Fratelli Wine a développé son vignoble autour d'Akluj, à environ 300 km au sud-est de Bombay. Le groupe met en avant des rendements limités à un quart de la moyenne des producteurs indiens afin d'assurer une bonne qualité du raisin.

Offrir un mousseux «made in India» permet à ces groupes de s'adresser à une clientèle qui n'est pas en mesure de payer une bouteille de champagne, produit réservé à quelques privilégiés susceptibles de débourser au minimum 4500 roupies (75 $) par bouteille.

Les nouveaux arrivants commercialisent leur mousseux autour de 1000/1400 roupies (17 à 23 $).

Nombre d'Indiens ne consomment pas d'alcool, en particulier pour des raisons religieuses. La bière et les spiritueux constituent 90 % du marché des boissons alcoolisées.

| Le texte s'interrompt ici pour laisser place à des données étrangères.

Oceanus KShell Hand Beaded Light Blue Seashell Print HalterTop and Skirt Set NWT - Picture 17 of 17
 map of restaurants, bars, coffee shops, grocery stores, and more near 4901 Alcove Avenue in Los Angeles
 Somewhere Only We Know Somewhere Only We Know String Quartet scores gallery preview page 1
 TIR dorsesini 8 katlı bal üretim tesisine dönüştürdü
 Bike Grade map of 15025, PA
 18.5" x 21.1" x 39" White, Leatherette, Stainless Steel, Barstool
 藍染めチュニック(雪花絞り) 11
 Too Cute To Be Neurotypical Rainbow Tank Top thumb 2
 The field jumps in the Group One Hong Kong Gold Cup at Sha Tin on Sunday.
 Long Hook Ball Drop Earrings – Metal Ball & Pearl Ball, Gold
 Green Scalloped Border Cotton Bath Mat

La publicité pour l'alcool étant interdite en Inde, la promotion du vin passe en particulier par des ateliers de dégustation ou la formation de clubs d'oenologie qui se développent dans les grandes villes comme New Delhi ou Bombay. Quelque 80 % de la consommation de vin est concentrée dans ces grandes villes, selon l'association indienne des producteurs de vin.